つまり先延ばしグセを克服したいなら、意欲的に1日の好スタートを切る必要がある。目覚めたらすぐにベッドから出て、朝のルーティンを実行し、健康的な朝食を摂り、やるべきことに取りかかるのだ。1日の最初にダラダラしてはいけない。
■時間管理の究極の秘訣は「前日の夜」にあり
ここで、とても重要な価値のある質問をしよう。
1日の最初の数時間をムダにしないようにするには、どうすればいいか?
単純明快! 前日の夜に翌日の計画を立てればいいのだ。
1日の最初の数時間に、何をする必要があるかを正確に把握しておこう。
考えなくても実行できるように、段階的な計画を準備しておけばいい。
これこそが時間管理の究極の秘訣だ。
前日の夜に翌日の計画を立てることが重要な理由はいくつもある。
翌朝何をするかを前もって正確に把握して、計画を立てておくと、翌朝ほぼ自動的に行動を開始できる。そして、いったん行動しはじめたら生産的になれるため、1日中ずっとその状態をつづけることができる。
つまり、前日の夜に翌日の計画を立てることは、当日「何をしたらいいか?」と迷うことを防ぐのに役立つのだ。
その反面、迷っていると先延ばしの誘惑に屈しやすい。すると、最も重要なことを見極める代わりに、SNSをチェックしてダラダラと時間をムダにするなど自分にとって都合のいいことをしがちになる。
■簡単な予定表が生産的な1日を約束する
ではここで、前日の夜に翌日の計画を立てる方法を具体的に説明しよう。
まず、翌日にしなければならないことと、したいことのリストをつくる。
このリストには、「すでに決まっている予定(たとえば仕事のタスク、会議、通院)」と「有意義な活動(重要課題の実行、瞑想、運動、読書)」が含まれる。
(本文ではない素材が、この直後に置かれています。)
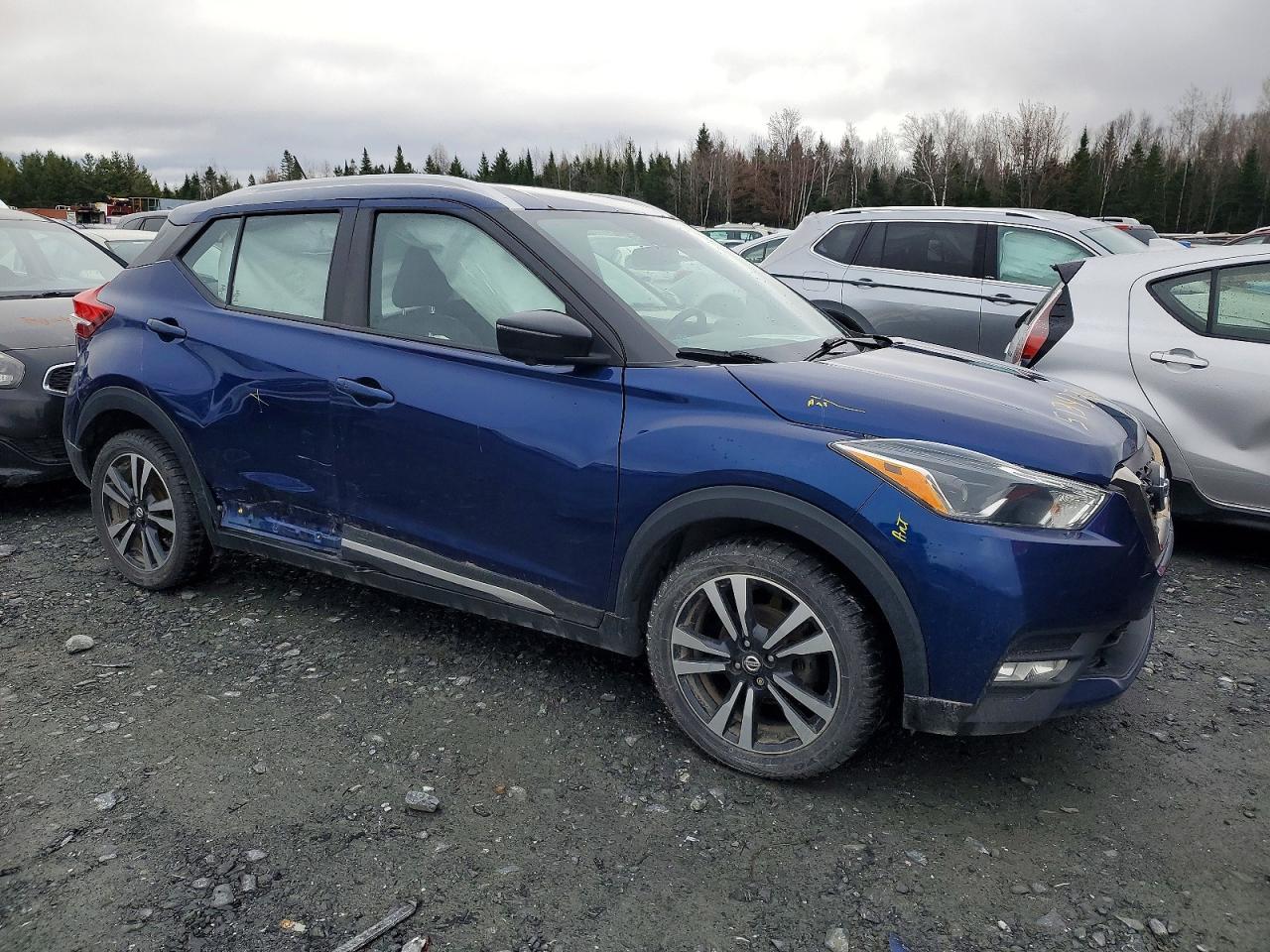 NISSAN KICKS 2019 — 5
いったんそのリストを作成したら、それを予定表に書き込もう。最初にすでに決まっている予定を書き込み、次に有意義な活動を補足していく。
私は午前中の予定だけを詳細に計画し、その日の残りのことはオープンかつ柔軟に対応している。私のある1日の計画はこんな感じだ。
1.軽く運動する
2.シャワーを浴びる
3.瞑想する
4.本書の一部を書く
5.気分転換のために外出して散歩する
6.本書をさらに書きつづける
これが私のある1日の計画のすべてだ。リストの作成には30秒しかかからないが、意欲的に1日の好スタートを切り、勢いをつけることができる。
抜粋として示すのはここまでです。